Virus Korona Merebak, Pemprov Sumut Data Warga yang Ada di Wuhan China

Stepanus Purba · Senin, 27 Januari 2020 - 16:08 WIB
Virus Korona Merebak, Pemprov Sumut Data Warga yang Ada di Wuhan China
Gubernur Sumut Edy Rahmayadi (Foto: iNews.id/Stephanus Purba)

MEDAN, iNews.id – Pemerintahan Provinsi (Pemprov) Sumatera Utara (Sumut) akan mendata jumlah warga mereka yang saat ini berada di Wuhan, China. Hal ini menyusul merebaknya virus korona dari kota tersebut.

Gubernur Edy Rahmayadi mengatakan, sampai saat ini belum diketahui angka pasti jumlah warga asal Sumut yang berada di Wuhan. Namun dia menduga, pasti ada warganya yang saat ini berada di daerah endemik virus mematikan tersebut.

"Pasti ada. Tapi orangnya datang kemari (Sumut) atau orang kita yang ke sana? Ini yang sedang dipelajari," ujar Edy kepada wartawan, Senin (27/1/2020).

BACA JUGA: Dinkes Pastikan Suspect Pneumonia akibat Virus Corona Belum Ditemukan di Sumut

Ketika ditanya adakah rencana mengevakuasi warga Sumut jika masih berada di Wuhan, Edy mengaku masih akan menunggu hasil pendataan.

"Ini yang sedang didata. Mereka tidak boleh keluar ke mana-mana karena ada wabah. Jika terjangkit, mereka harus diobati di sana. Nanti dibawa ke sini terus menjanggkit, makin repot semua," katanya.

Selain pendataan, pemerintah dan pemangku kepentingan lainnya mengecek secara internal soal penyebaran virus tersebut di wilayah Sumut. Namun hingga saat ini, Edy memastikan belum ada kasus virus berbahaya itu di wilayahnya.

"Sampai saat ini.

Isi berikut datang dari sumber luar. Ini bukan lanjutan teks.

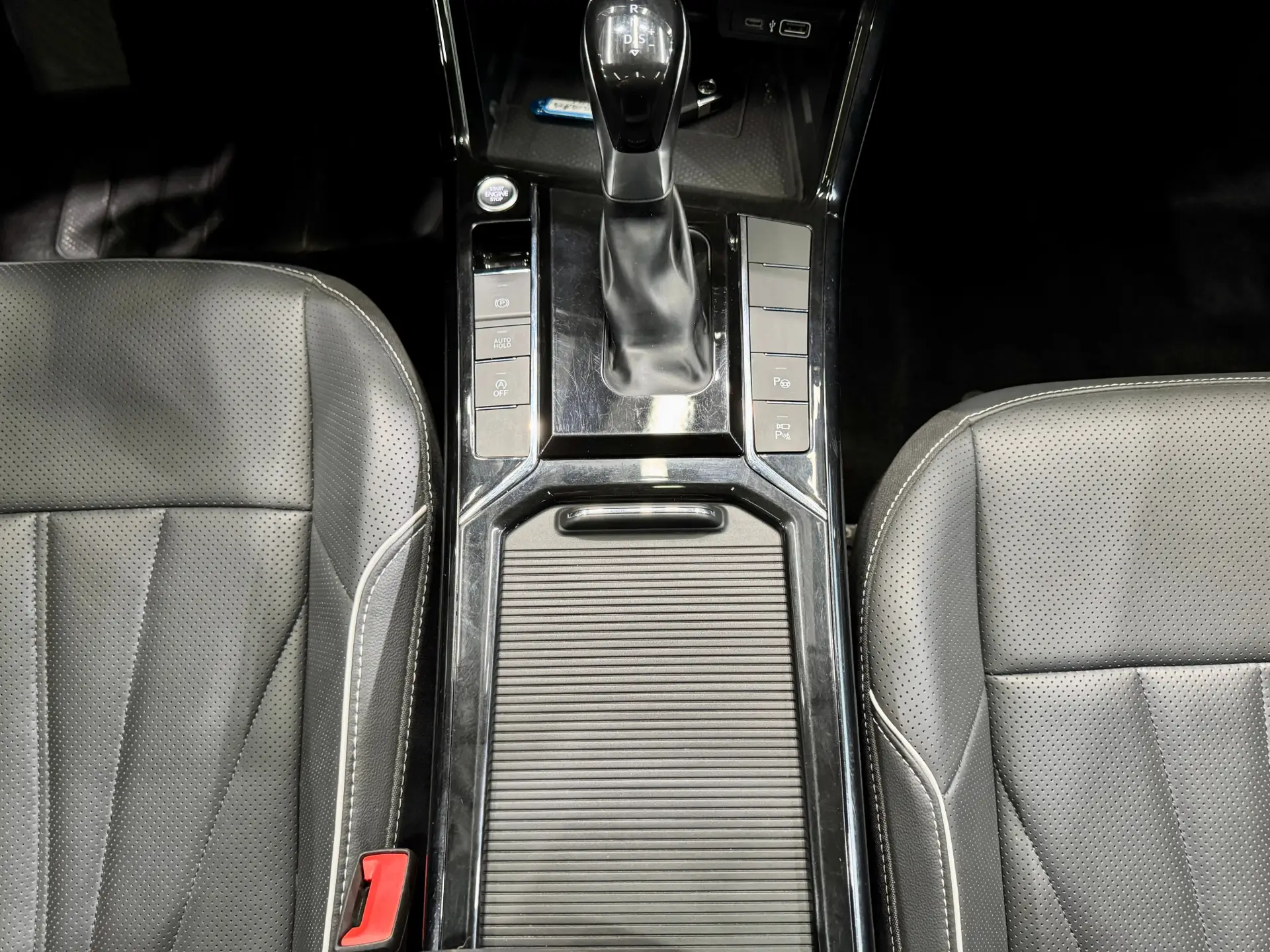 Volkswagen Passat, 2024 21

Sampai tadi pagi, belum ada wabah korona yang masuk ke Sumatera Utara. Ini yang akan kami jaga ketat," ucapnya.

Menurutnya, langkah selanjutnya yang akan dilakukan Pemprov Sumut yakni dengan memperketat pengawasan terhadap orang-orang yang masuk dan akan bepergian ke luar negeri. Penumpang pesawat yang baru tiba dari negara-negara yang sudah terpapar virus tersebut akan diawasi ketat.

Selain mengimbau petugas memperketat pengawasan, Edy juga meminta masyarakat mewaspadai penyebaran virus ini. Setidaknya dengan menerapkan pola hidup sehat.

"Masyarakat juga diminta untuk tidak panik menanggapi masalah ini. Jangan gundah, emosional dan stres. Berikan kesempatan petugas untuk melakukannya," kata Edy.

Diketahui, Wuhan merupakan daerah pertama ditemukan kasus virus korona. Virus ini diketahui telah menyeberang ke berbagai negara dan sejumlah negara Asia. Otoritas setempat menyebut, sedikitnya 41 orang di China tewas akibat virus korona.

Saat ini, Pemerintah Chan mengisolasi Kota Wuhan untuk mencegah penyebaran virus. Banyak warga Indonesia, termasuk asal Sumut yang terjebak di salah kota terbesar di China tersebut.